Giving one possible scenario, he noted that growth restriction has been implicated in up to 40% of cases of stillbirth, so earlier delivery in pregnancies with elevation of both markers could potentially alter outcome in some cases.
But "we still don’t know," he cautioned. "What I would like to do is actually dig down deeper and develop a model, like a multiple-marker screen we do for Down syndrome, where the risk is individualized according to the patient."
For the study, births were drawn from a parent population-based, case-control study involving 59 hospitals and more than 2,500 births. Stillbirths (cases) and a representative sample of live births (controls) were evaluated with maternal interviews, medical record reviews, and analysis of biospecimens.
In the substudy, the investigators included births from the parent study in which the mother had second-trimester serum screening for aneuploidy as part of routine prenatal care and delivered after 24 weeks’ gestation.
Levels of four serum markers – inhibin A, MSAFP, HCG, and unconjugated estriol (uE3) – were analyzed alone and in selected combinations for their association with stillbirth.
In all, the substudy had 157 stillbirths and 626 live births. "This is the largest population-based study of stillbirth with an extensive evaluation of both cases and controls," noted Dr.
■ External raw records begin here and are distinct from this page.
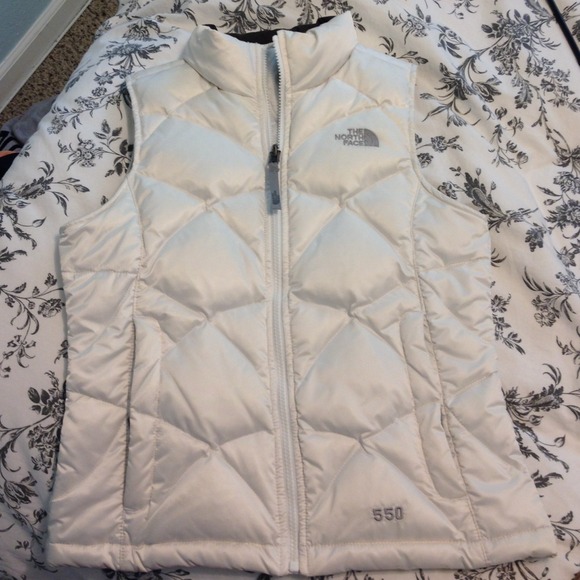 550 white North Face, perfect condition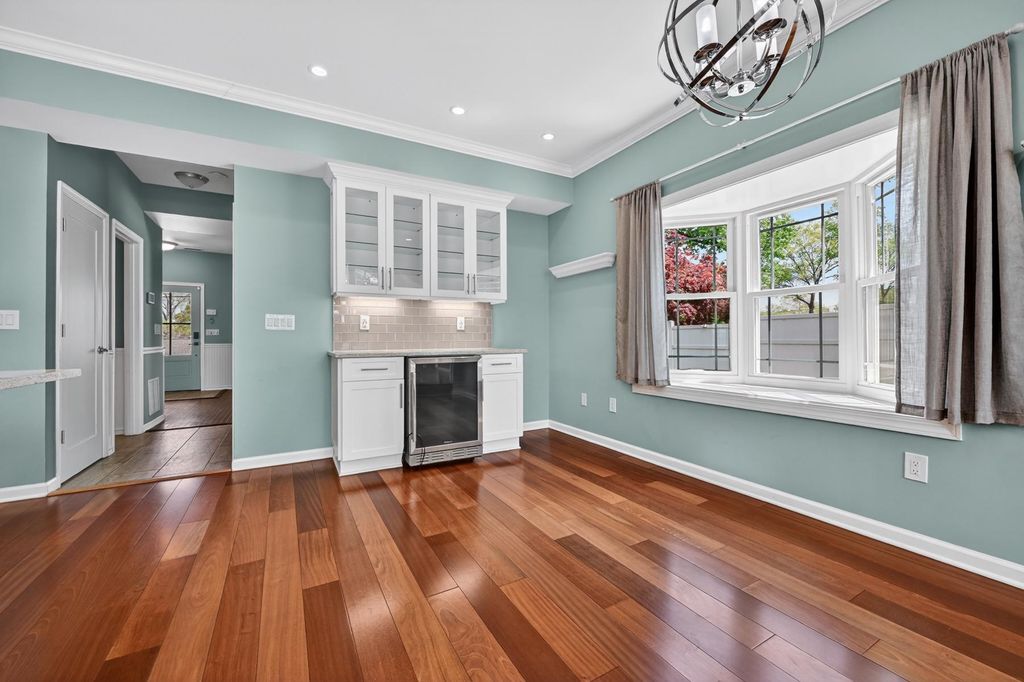 Image 11 of property listing at 448 MAPLE LEAF DR, Edgewater, MD 21037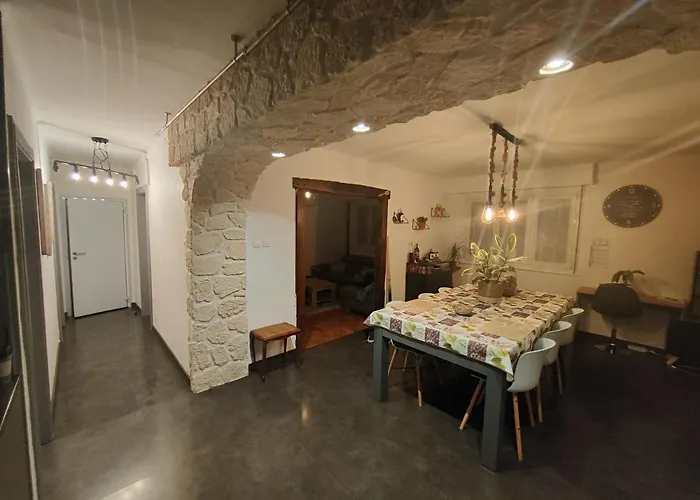 Tres Grand Appartement De 76M2 A Strasbourg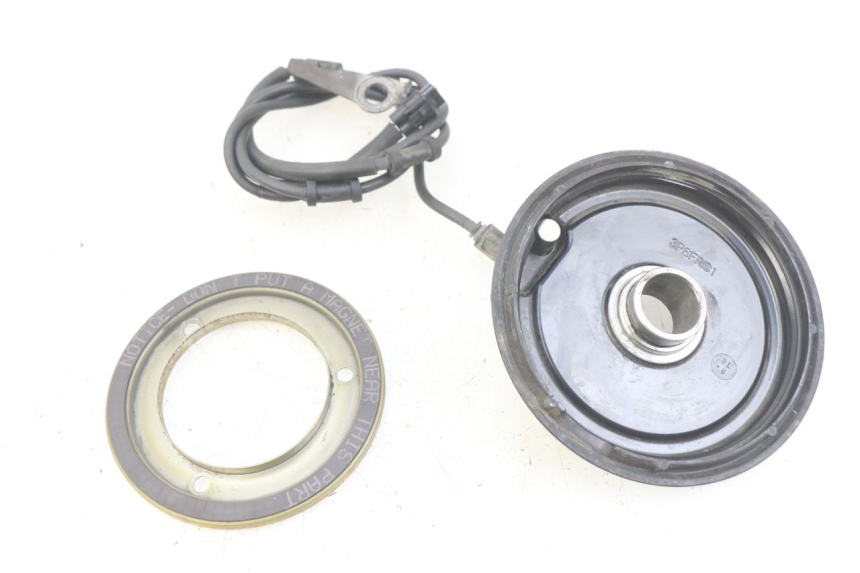 photo de VORDERER ABS-SENSOR YAMAHA FJR ABS 1300 (2006 - 2012) - Technische Nahaufnahme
Saade, chief of the division of maternal-fetal medicine at the University of Texas, Galveston.
In a multivariate analysis adjusted for the other markers only, women had an elevated risk of stillbirth if they had above-normal levels (defined as greater than 2.0 multiples of the median) vs. normal levels of MSAFP (odds ratio, 3.91; P = .006) and inhibin A (OR, 5.68; P less than .0001).
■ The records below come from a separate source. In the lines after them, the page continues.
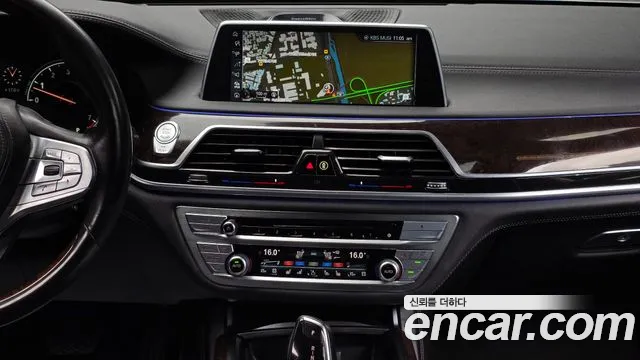 BMW 7-Series 2016 — фото 12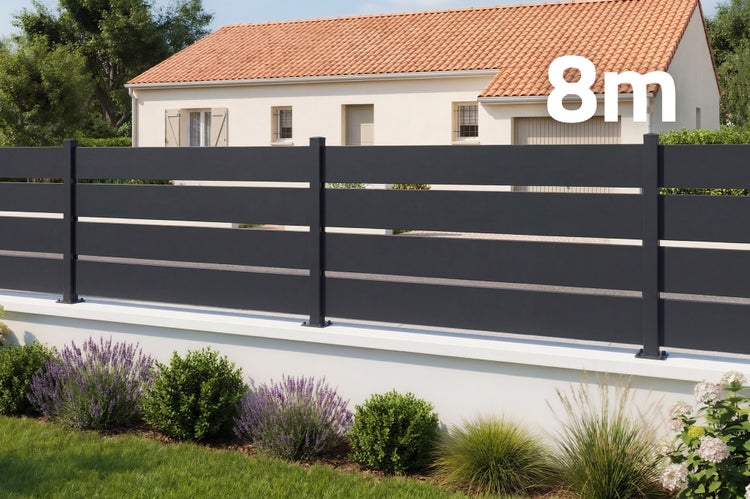 Moderner anthrazitfarbener Gartenzaun aus Aluminium mit horizontalen Lamellen auf einer weißen Mauer vor einem Haus, Gesamtlänge 8 Meter.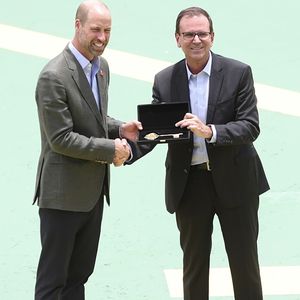 Príncipe William recebeu das mãos de Eduardo Paes a chave do Rio de Janeiro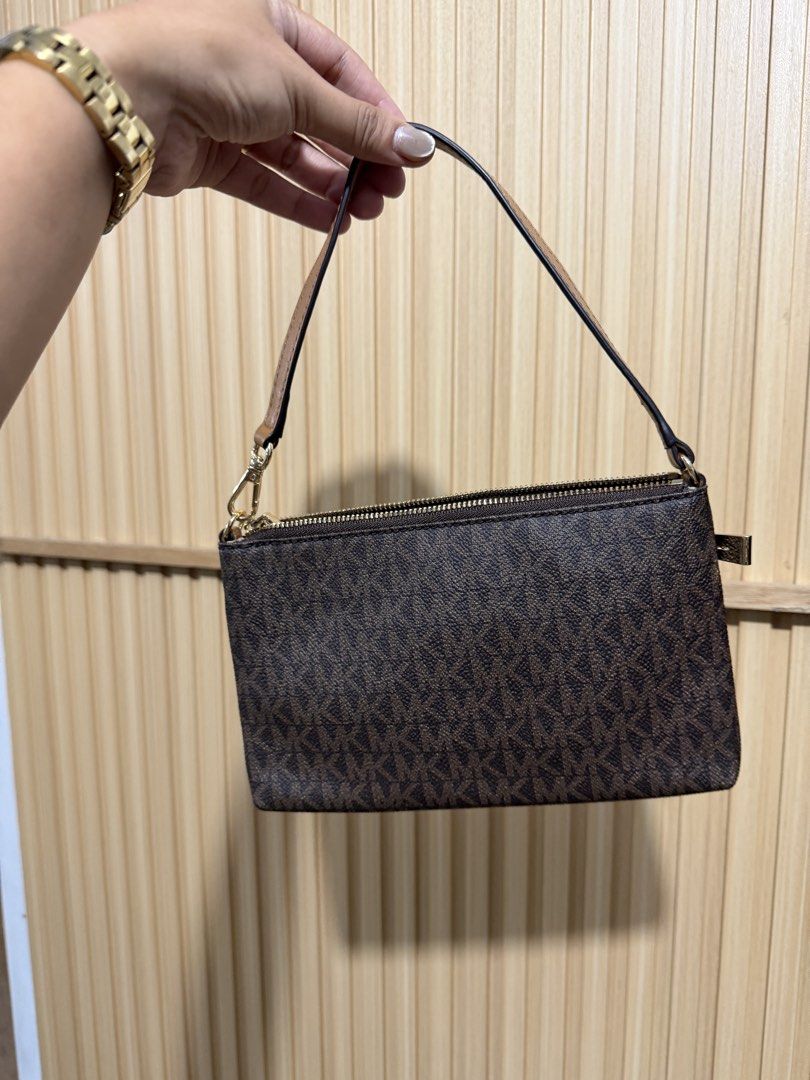 Auth Michael Kors Kili (Category: Luxury Bags & Wallets) located in Lagawe. Submitted by kai_selections (Listing ID 1467978406, Image 3). Description: like new condition no flaws free shipping.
After additional adjustment for a prepregnancy risk score for stillbirth, which included more than a dozen sociodemographic, medical, and reproductive factors, the only marker still associated with increased risk was inhibin A (OR, 4.49; P = .001).
For predicting stillbirth, the combination of elevated MSAFP and inhibin A levels had the highest positive likelihood ratio of any of the markers individually and in combination by far (15.77).
This value "is above the cutoff of 10, traditionally considered as clinically useful," noted Dr. Saade.
In comparison, the positive likelihood ratio was 5.44 for elevated inhibin A alone and 2.58 for elevated MSAFP alone.
The combination also had high specificity (99.6%). But its sensitivity (6.0%) and negative likelihood ratio (0.94) were lower than those considered clinically useful, according to Dr. Saade.
The study’s findings were essentially the same after exclusion of births involving multiple gestations, intrapartum stillbirth, and fetal anomalies.
To expand on the findings, the investigators plan to reanalyze the data, stratifying results according to the causes of the stillbirths, he said.
Dr. Saade agreed with an attendee that it will be important to verify that the markers are, in fact, predicting stillbirth and not growth restriction instead.
"The problem is, when do you count what was the timing of the stillbirth death ... because whether it’s growth restricted or not depends on when the death occurred and whether there was even a change in the weight after the death," he said.
His team is therefore obtaining fetal measurements to better determine the timing of this event and the potential contribution of growth restriction.
Dr. Saade did not report any relevant conflicts financial disclosures.
Major Finding: The combination of elevated second-trimester levels of inhibin A and MSAFP had a positive likelihood ratio of 15.77 for the prediction of stillbirth. The combination also had high specificity (99.6%). But its sensitivity (6.0%) and negative likelihood ratio (0.94) were lower than those considered clinically useful.
Data Source: A population-based, case-control study of 157 women with a stillbirth and 626 women with a live birth.
Disclosures: Dr. Saade did not report any relevant conflicts of interest.